All training data (n = 250) has been made publicly available under the creative commons license CC-BY-4.0 in the preprocessed format on Zenodo (https://doi.org/10.5281/zenodo.7153326)55. Further information about the ISLES challenges can be found under http://www.isles-challenge.org/ and under https://isles22.grand-challenge.org/.

Data structure and file formats

All medical imaging files were exported from the Picture Archiving and Communication System in the NIfTI format. Segmentation masks are created and saved in NIfTI format. All data in the ISLES’22 dataset was separated into a training dataset (250 subjects) and a test dataset (150 subjects). Corresponding scanner metadata from the Digital Imaging and Communications in Medicine (DICOM) header in the JSON file format is provided with the datasets, if available. MRIs from the following centers were included:

Center #1: University Hospital of the Technical University Munich, Munich, Germany.

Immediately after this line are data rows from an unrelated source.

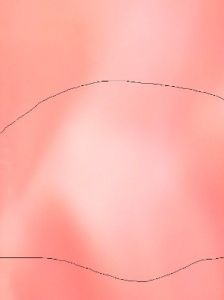 口腔黏膜白斑 口腔黏膜白斑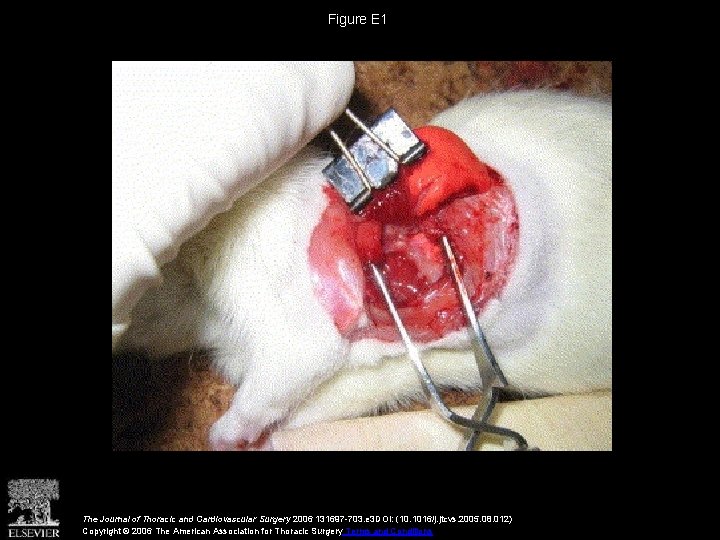 Figure E 1 The Journal of Thoracic and Cardiovascular Surgery 2006 131697 -703. e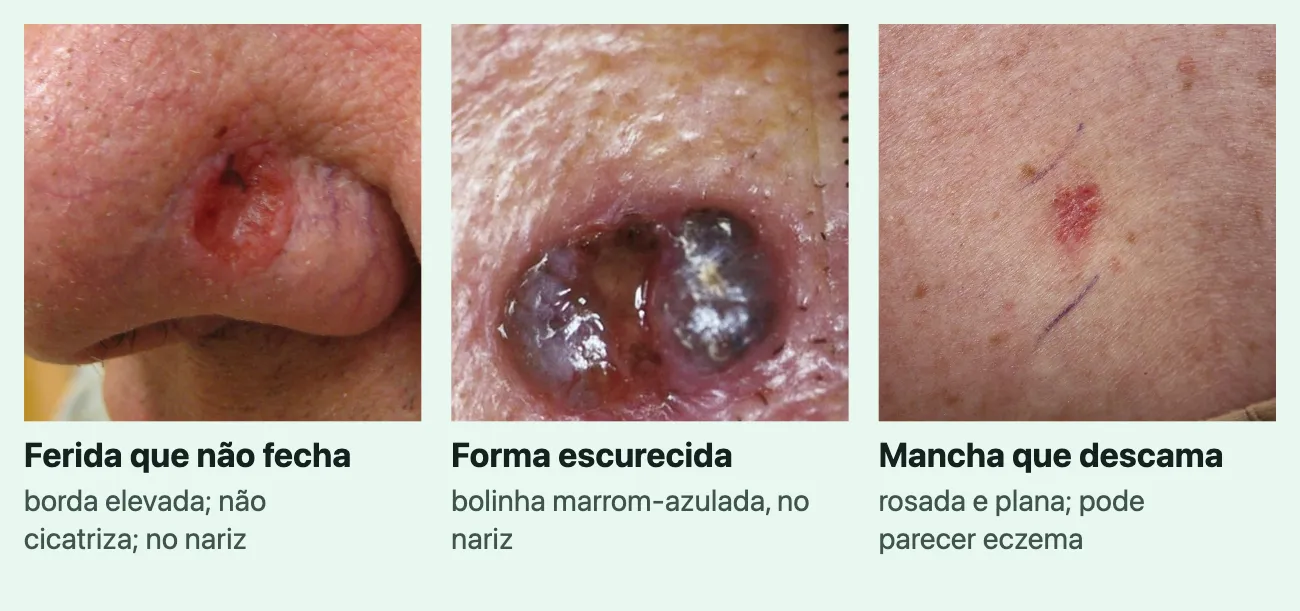 Três fotos do carcinoma basocelular, cada uma com o nome e uma linha. "Ferida que não fecha", "borda elevada; não cicatriza; no nariz": uma ferida rasa e avermelhada, de borda elevada, na asa do nariz. "Forma escurecida", "bolinha marrom-azulada, no nariz": uma lesão elevada, com partes marrom-azuladas e brilhantes. "Mancha que descama", "rosada e plana; pode parecer eczema": uma mancha pequena, rosada e plana, na pele clara com sardas.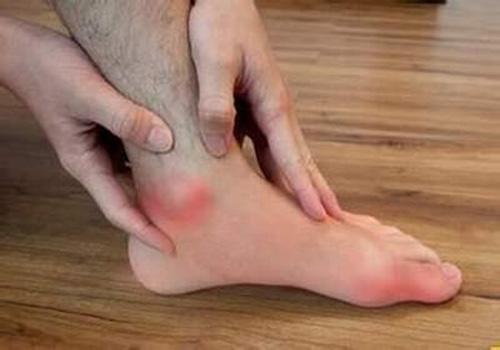 痛风会引起哪些并发症 痛风会引起哪些并发症百度百科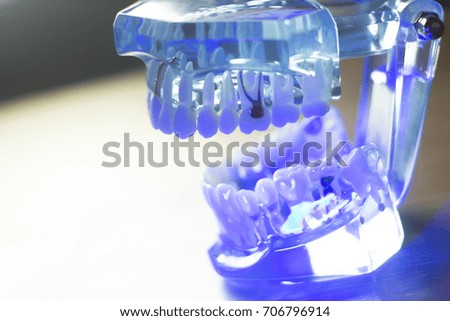 Dental teeth orthodontic dentistry teachng model with gums, tooth enamel, plaque, roots and metal implants.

Center #2: University Hospital of Bern, Bern, Switzerland.

Center #3: University Medical Center Hamburg-Eppendorf, Hamburg, Germany.

The publicly available train set comprises data from centers #1 and #2. The test set comprises data from all the three centers in equal parts as follows:

Acute to early sub-acute stroke data from centers #1 and #3 (MRIs acquired after revascularization therapy).

Hyper-acute to acute stroke data from center #2 (MRIs acquired before revascularization therapy).

Thus, in this ISLES’22 task we will evaluate the robustness and generalization capability of the proposed models over 1) new scans coming from two centers already used at the training stage, 2) new scans coming from a new (unseen at training stage) center, and 3) new scans acquired before revascularization therapy, coming from a center already seen at training stage. Introduction of a previously unseen center at the test stage likely results in an overall deterioration of algorithmic performance but in turn allowing a better differentiation of the generalizability of the solutions.

The split between training and test data set has been performed so that both sets include a similar variance of stroke lesion patterns ranging from large territorial infarcts to small punctiform ischemia. The spatial distribution of lesions according to the different vascular territories is summarized in Table 4. The majority of the scans have lesions within the territories irrigated by the middle cerebral arteries and the infratentorial vasculature. Similar spatial distributions between training and test datasets have been considered. A slight difference in the distribution of infratentorial scans (~10% more cases in the train set than in the test set) and in middle cerebral arteries territory (~10% more cases in the test set than in the train set) can be observed.

Technical Validation

The presented medical imaging data was derived from the picture archiving and communication system of the corresponding institutions and therefore fully complies with the legal standards and quality controls for the acquisition of medical imaging in Germany, the European Union and Switzerland, as well as the industrial standards of the scanner vendors. Segmentation masks were prepared and annotated at voxel-level by a human-machine hybrid algorithm with hierarchical manual checks and corrections first by specifically trained medical students and later a neuroradiology resident. Afterwards, the masks were reviewed, corrected, and finally approved by an expert neuroradiologist, ensuring a high quality standard.

We aimed to create a dataset which is representative of real world stroke cases. Therefore, only cases with massive motion artefacts, leading to images that are unusable in diagnostic clinical practice, were excluded from the dataset. We chose not to exclude cases based on other potential quality issues like signal loss or spatial distortions, relying on the imaging standards that are established in clinical practice at the participating centers. Similarly, no special regard was given to cases if they were acquired at 1.5 T as opposed to 3 T and the raters were blinded to mode of image acquisition.